The Massachusetts lawsuit cites internal Purdue records in alleging the company pushed higher doses because they were the most profitable. Authorities also allege that the company knew patients taking more of the drug were more likely to overdose. One Massachusetts doctor, who was paid more than $80,000 by Purdue to give talks to other physicians, prescribed 24 of the highest dose OxyContin pills a day for a single patient, according to the state complaint.

“Purdue specialized in getting patients on the highest doses for the longest periods of time,” Alexander told the judge. “Those prescriptions, when you count them, they’re not all equally valuable to a drug company and they’re not all equally dangerous to the people of Massachusetts.”

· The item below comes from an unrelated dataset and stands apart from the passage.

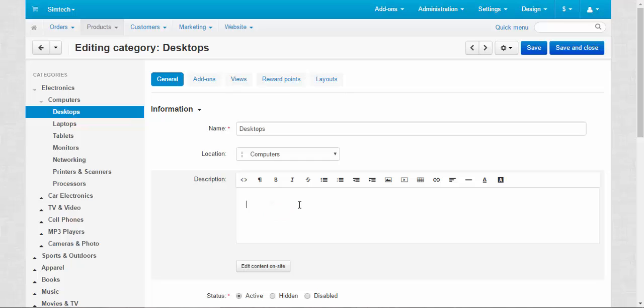Description. Description of a category is displayed at the top of a category page on the storefront. Let me show you.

Purdue’s market share from 2006 to 2012 would have likely been even higher save for an anomaly in the history of the drug. For a brief time, including the years 2006 and 2007, OxyContin had generic competition. Its sales slumped from $1.3 billion in 2005 to $752 million in 2006 and $1 billion in 2007, according to health care data firm IQVIA. Purdue sued the generic makers and gradually eliminated competition from them so that by 2008, OxyContin sales more than doubled from the prior year to $2.3 billion.

By that measure, dollar sales, Purdue has long been the market leader for prescription opioids. Internal Purdue records indicate OxyContin had more than 28% of the total market share in gross sales each year from 2008 through 2018. Since 1996, sales of OxyContin have totaled more than $35 billion. The Sackler family received at least $8 billion in company profits during that time, according to court records.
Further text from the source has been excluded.